Talking about the “set” of people on whom to apply Postel’s Principle provides a nice segue into the formal definitions that are implicit in the English aphorism. For my own behaviour, it makes sense to think of it like the intersection operation in set theory, or the universal quantifier in predicate logic: something is only morally permissible for me if it is permissible for all of the people I am likely to interact with regularly. Conversely, of course, the values I must accept without judgment are the union of the values of the people I know; it is morally permissible if it is permissible for any of the people I am likely to interact with regularly.

III.

Since the set of actions that are considered morally permissible for me are defined effectively by my social circle, it becomes of some importance to intentionally manage my social circle. It would be untenable to make such different friends and colleagues that the intersection of their acceptable actions shrinks to nothing. In that situation I would be forced to make a choice (since inaction is of course its own kind of action) and jettison one group of friends in order to open up behavioural manoeuvring space again.

Unfortunately, it sometimes happens that people change their moral stances, especially when under pressure from other people who I may not be interacting with directly. Even if I have a stable social circle and behavioural manoeuvring space today, tomorrow one of my friends could decide they’re suddenly a radical Islamist and force me with a choice. While in some sense “difficult”, many of these choices end up being rather easy; I have no interest in radical Islam, and so ultimately how close I was to this friend relative to the rest of my social circle matters only in the very extreme case where they were literally my only acquaintance worth speaking of.

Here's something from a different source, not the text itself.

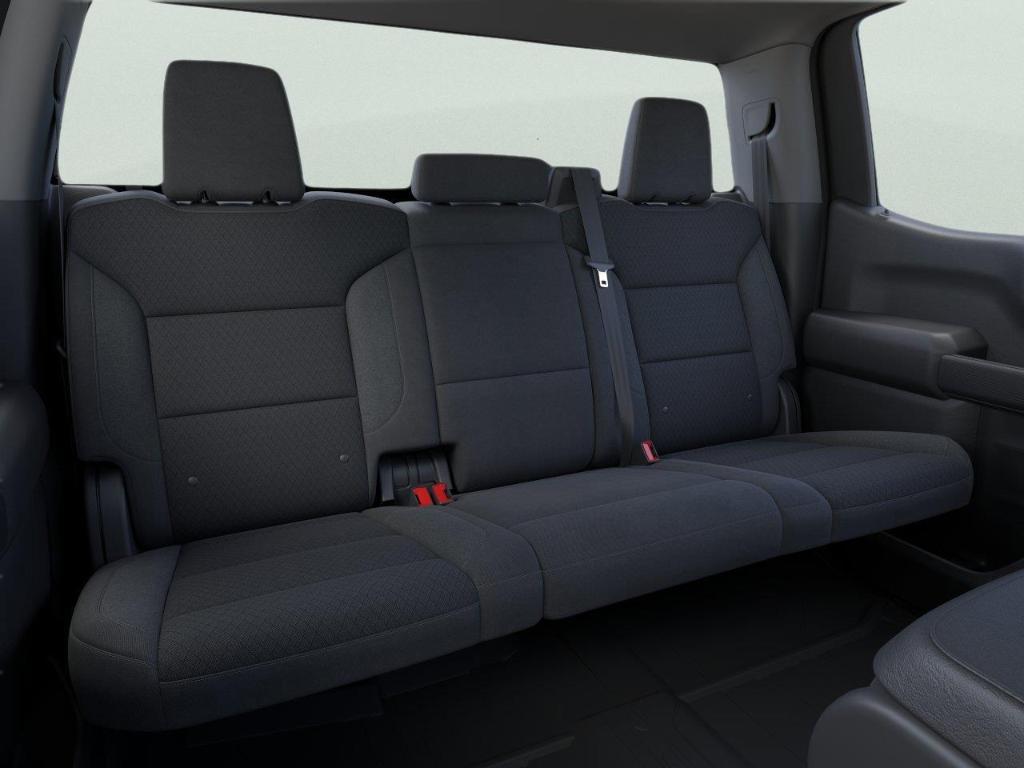 new 2026 Chevrolet Silverado 1500 car, priced at $52,294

Again unfortunately, it sometimes happens that large groups of people change their moral stances all at once. Memes spread incredibly fast, and a small undercurrent of change can rapidly become a torrent when one person in a position of power or status chooses a side. This sort of situation also forces me with a choice, and often a much more difficult one. Apart from the necessity of weighing and balancing friend groups against each other, there’s also a predictive aspect. If I expect a given moral meme to become dominant over the next decade, it seems prudent to be “on the right side of history” regardless of the present impact on my social circle.

Being forced to choose between two social groups with incompatible moral stances is, unsurprisingly, stressful. Social alienation is a painful process, as can attest any Amish person who has been shunned. However what may be worse than any clean break is the moment just before, trying to walk the knife edge of barely-overlapping morals in the desperate hope that the centre can hold.

IV. (PostScript)

I wrote this focused mostly on myself. Having finished, I cannot help but wonder how much an approximation of Postel’s Principle guides the moral principles of most people, whether they would acknowledge it or not. Even people who claim to derive their morality from first principles often end up with something surprisingly close to their local social consensus.